Trial runs including the Afmpz control car have begun on this service. The control car however is not yet used to drive, but only pulled as a standard carriage, and a 1216 is coupled to the front of the set.

Some RJ/RJX Vindobona services continue to use first generation Railjet set. On these services, the Afmpz control cars are authorised, and thus are used.

Services from and to Germany do not stop in Praha hl.n.

==== RJ 174/175 Hungaria ====
Source:

Hamburg-Altona - Hamburg Hbf - Berlin Hbf - Dresden Hbf - Bad Schandau - Děčín hl.n. - Praha-Holešovice - Pardubice hl.n. - Brno hl.n. - Břeclav - Kúty - Bratislava hl.st. - Štúrovo - Vác - Budapest-Nyugati

The train is composed of 9 comfortJet coaches (a combination of Ampz, Bdmpz, Bmpz, Bbmpz, BRmpz and Afmpz), and is pulled by a Siemens Vectron MS locomotive; predominantly a German Class 193 leased from S Rail Lease s.r.o (UIC D-RAILL), but alternatively a ČD Class 384 (UIC CZ-ČD) or German Class 193 leased from ELL (UIC D-ELOC)
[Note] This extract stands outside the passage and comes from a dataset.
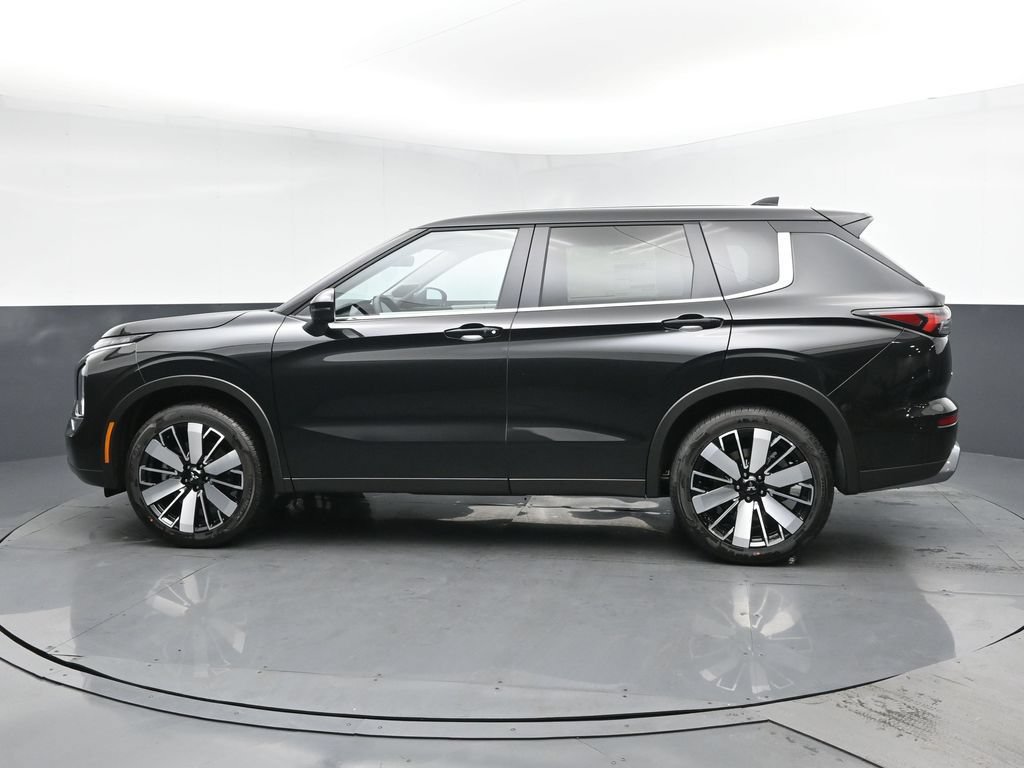 New 2026 Mitsubishi Outlander SE FWD image 4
Trial runs including the Afmpz control car have begun on this service. The control car however is not yet used to drive, but only pulled as a standard carriage, and a Siemens Vectron is coupled to the front of the set.

==== RJ 578 Brněnský Drak ====
Source:

Brno hl.n. - Blansko - Letovice - Svitavy - Česká Třebová - Ústí nad Orlicí - Choceň - Pardubice hl.n. - Kolín - Praha hl.n. - Praha-Vršovice

The train is composed of 9 comfortJet coaches (a combination of Ampz, Bdmpz, Bmpz, Bbmpz, BRmpz and Afmpz), and is pulled by a Siemens ES64U4; specifically an ÖBB class 1216 "Taurus III"

Trial runs including the Afmpz control car have begun on this service. The control car however is not yet used to drive, but only pulled as a standard carriage, and a 1216 is coupled to the front of the set.

Not all RJ Brněnský Drak services are operated by ComforJet Sets.

==== R 876/879 Svitava ====
Source:

Brno hl.n. - Blansko - (Letovice) - Svitavy - Česká Třebová - Ústí nad Orlicí - Choceň - Pardubice hl.n.- Přelouč - Kolín - Praha-Libeň - Praha hl.n. (- Praha-Vršovice)

The train is composed of 9 comfortJet coaches (a combination of Ampz, Bdmpz, Bmpz, Bbmpz, BRmpz and Afmpz), and is pulled by a Siemens Vectron MS locomotive; predominantly a German Class 193 leased from S Rail Lease s.r.o (UIC D-RAILL), but alternatively a ČD Class 384 (UIC CZ-ČD)

Trial runs including the Afmpz control car have begun on this service. The control car however is not yet used to drive, but only pulled as a standard carriage, and a Siemens Vectron is coupled to the front of the set.

ComfortJet sets on R 876 run only on Sunday and on R 879 only on Saturday.

R 876 does not stop in Letovice and Praha-Vršovice.

These are the only R Svitava trains, where ComfortJet sets run. Other R Svitava trains are operated with InterPanter EMUs.